Abdul Razak Baginda was the adviser to former Malaysian prime minister Najib Razak when the latter was the country's defence minister between 2000 and 2008. PHOTO: THE STAR

PARIS (AFP) - France has dropped some of the charges against an associate of former Malaysian prime minister Najib Razak over alleged kickbacks paid on a major submarine deal, judicial sources said on Monday (May 20).

Najib himself is currently embroiled in a massive corruption scandal involving the state economic development fund 1Malaysia Development Berhad (1MDB), where he has also been questioned on the submarine case.

The associate, Abdul Razak Baginda, advised Najib when the latter was defence minister between 2000 and 2008 on a deal worth €1 billion (S$1.53 billion) to buy two Scorpene-class submarines and one Agosta-class submarine from French naval dockyards unit DCN, linked to French defence group Thales.

An investigation into the deal launched in 2010 revealed that Terasasi, a firm whose main shareholder was Baginda, received an equivalent sum for what was billed as consultancy work.

Investigators believe it was really a front for kickbacks.

Baginda was charged in France in July 2017 with "active and passive complicity in corruption" and "misappropriation of corporate assets". Judicial sources said the Paris appeal court had dropped the charges of "passive corruption" while retaining the remainder of the charge sheet.

Baginda's lawyer Caroline Toby indicated she would appeal.

Four French defence industry executives have already been charged in the case.

They are two former chairmen of DCNI, Philippe Japiot and Dominique Castellan, and two former heads of Thales International Asia, Bernard Baiocco and Jean-Paul Perrier.

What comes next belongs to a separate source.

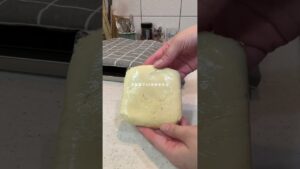 材料4つで星のガレット風クッキー⭐️最近星ばっかだけど飽き飽きしないで〜🥲🥲 #お菓子作り #手作りお菓子 #クッキー #クッキー作り #cookies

All four men deny the charges and say they did not have direct contact with Baginda.

The French investigators are also looking into allegations that €114 million was paid to a purported Malaysia-based shell company, Perimekar, as part of the deal. That company was controlled at the time by Baginda's wife.

However, that payment is likely to ultimately fall outside French jurisdiction, as it was not made to a French company.